The companies who are targeted in the strike include some of the biggest names in games, as well as subsidiaries of entertainment conglomerates like Disney and Warner Bros. They are:
- Activision Publishing Inc.
- Blindlight, LLC
- Corps of Discovery Films
- Disney Character Voices, Inc.
- Electronic Arts Productions, Inc.
- Formosa Interactive, LLC
- Insomniac Games, Inc.
- Interactive Associates, Inc.
- Take 2 Interactive Software
- VoiceWorks Productions, Inc.
- WB Games, Inc.
SAG is asking performers and voiceover artists, both union and non-union, to honor the strike and not work for these companies until a satisfactory deal is reached. The strike is largely supported by SAG’s own membership; in a strike authorization vote held last October, over 96% of SAG members voted yes to strike against the game companies.
Here are the key issues, from SAG’s perspective, that need to be addressed in a new contract:
Unlike many other SAG-AFTRA contracts, there is currently NOT a secondary compensation structure on any
We’re asking for a reasonable performance bonus for every 2 million copies, or downloads sold, or 2 million unique subscribers to online-only games, with a cap at 8 million units/subscribers. That shakes out, potentially, to FOUR session payments per principal performer for the most successful games: 2 million, 4 million, 6 million and 8 million copies.
Producers Hide Important Information
Transparency is lacking in the video game industry.
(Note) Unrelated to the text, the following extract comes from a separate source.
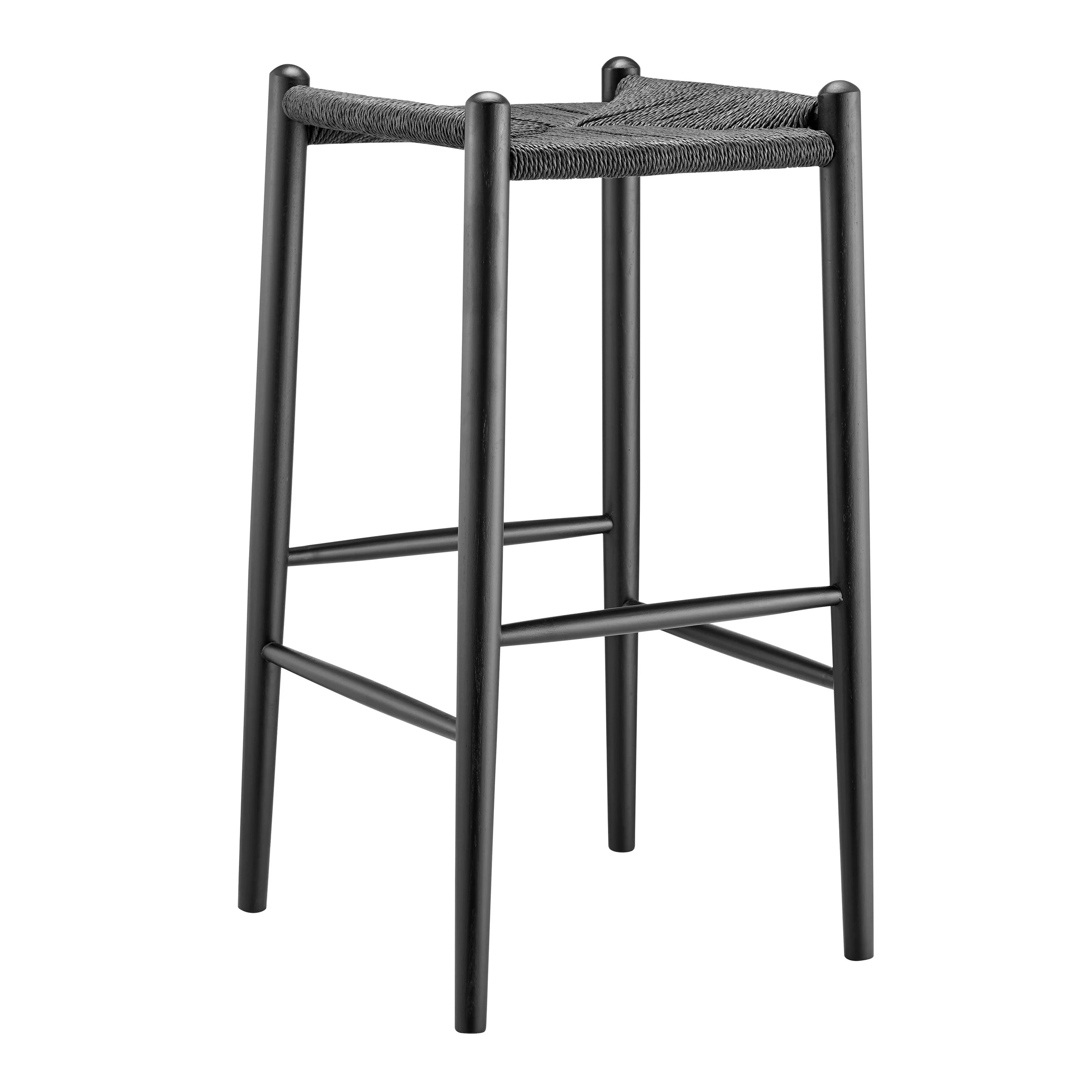 Evelina Bar Stool without Backrest - Remutear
Actors need to know more about the projects that they are working on. SAG-AFTRA has proposed that the actual title of the project and the role being hired for should be made available before signing a contract. Video game employers routinely engage performers without identifying the role or even the game that the performer is being engaged to work on. Moreover, they refuse to provide basic information about the nature of the performance that will be expected of them. This deprives the performer of the ability to make a meaningful decision about whether to accept a role or to negotiate appropriate compensation, if they do. Precedent is on our side here. You wouldn’t work on a TV show, commercial or film without knowing what part you’re playing and how it fits into the story, yet we are asked over and over again to do just that in interactive media.
Employers Are Not Taking You Seriously
The employers have said no to most of SAG-AFTRA’s proposals and haven’t taken these negotiations seriously.
For instance, in response to our concerns about vocal safety, they offered to put more tea and water in the booths for the actors — something they already do and this doesn’t resolve the issue or protect the actors.
Now is the Time To Act
The SAG-AFTRA Interactive Contract was originally written in 1994.
Now, over 20 years later, the video game industry has evolved to the point where successful video games generate more revenue than the biggest blockbuster, yet, the same contract that was negotiated in 1994 hasn’t changed to reflect the industry today. SAG-AFTRA is committed to bringing the Interactive contract into the 21st Century with the protections and compensation that our members deserve. We wish our partners across the table felt the same way, but they seem more interested in “winning” this round of negotiations than cooperating with our members to create a contract based on precedent and best practices.
The first picket will be this Monday, October 24, at Electronic Arts in Playa Vista, CA at 10:30am PT.